Which faith-related topic do you find yourself writing about frequently?
I have written on a diverse range of ideas on my personal blog since 2015 and through numerous Catholic publications. Mass incarceration, viewed through the lens of segregation and Jim Crow, is one of the most critical issues facing African Americans and our society today. I feel that God is calling me to raise awareness about it. I am excited for my next book, and my first non-fiction book, In the Shadow of Freedom: An Enduring Call for Racial Justice, with Orbis Books, is coming out next year.
What other activities has your faith inspired you to take up outside of writing?
In early 2021, I became involved with Abolition Apostles, a pen-pal ministry that connects people who are not incarcerated with people who are. I have developed great friendships with two women who are currently imprisoned, and my faith has inspired me to do that.
How do you feel your faith has and continues to transform you as a disciple of Christ?
In the last few years, I feel Jesus has called me to put my faith into action and answer a prophetic call to make the world a better place for people on the margins of society.
If you could choose one to two words to describe your writing to a Catholic reader who is newly acquainted with your work, what would it/they be and why?
Real life. I have faced many challenges in life, and I feel it is important to explore how one’s circumstances and opportunities influence the life-impacting decisions people make. In my first two novels, I explored marriage, mental illness, trauma, and family dynamics. In Last Place Seen, I portrayed how hard life can be for the formerly imprisoned and for people living in Silicon Valley who are generally struggling to pay the rent. Also, I wrote about how wildfires and climate change impact people’s everyday lives. I write to convey reality in the context of restorative justice and faith.

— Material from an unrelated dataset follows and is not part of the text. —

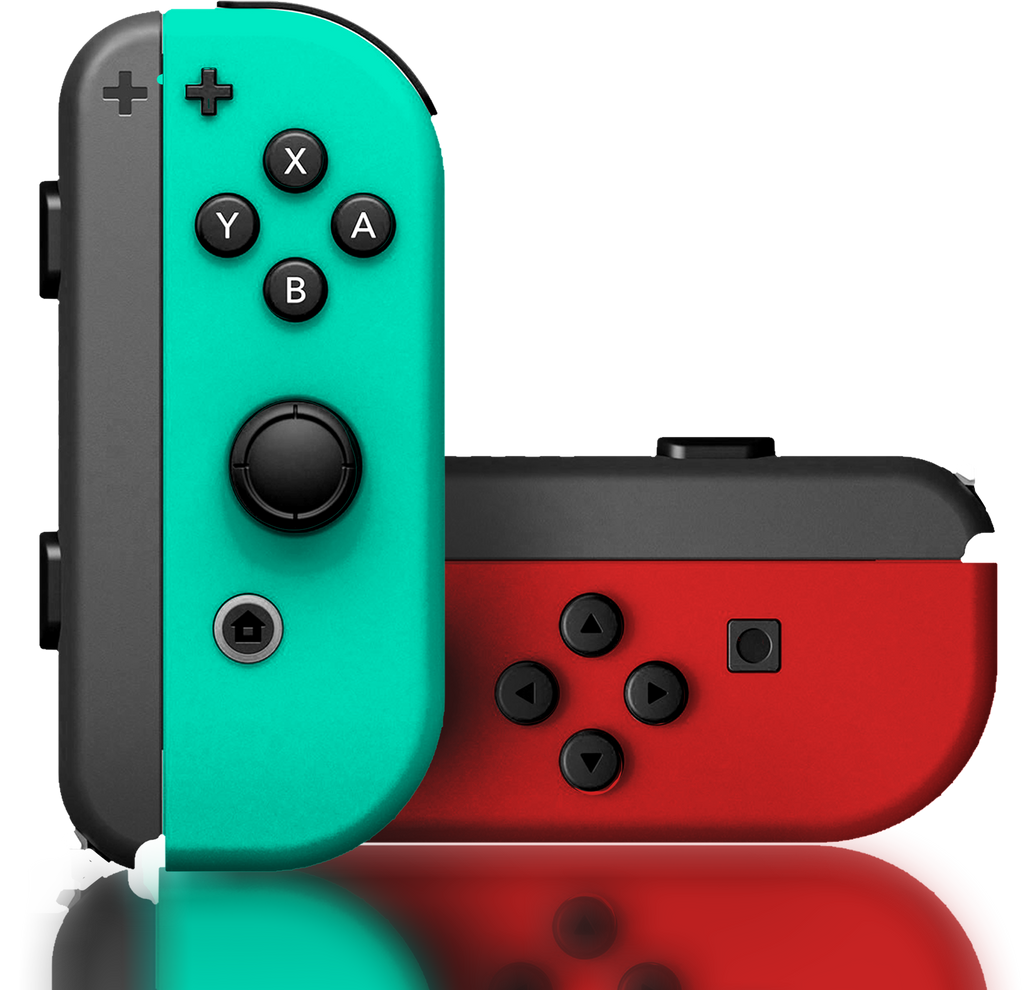 JoyCon Build Your Own (JCON) Controller Chaos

Alessandra Harris was born and raised in Santa Clara County and attended St. Justin’s Elementary, Archbishop Mitty High School, and San Jose State University, where she completed degrees in Comparative Religious and Middle East studies. She is an award-winning novelist, wife, and a mom of four: two college students and two high schoolers. She is an avid Golden State Warriors fan and an active parishioner in the diocese.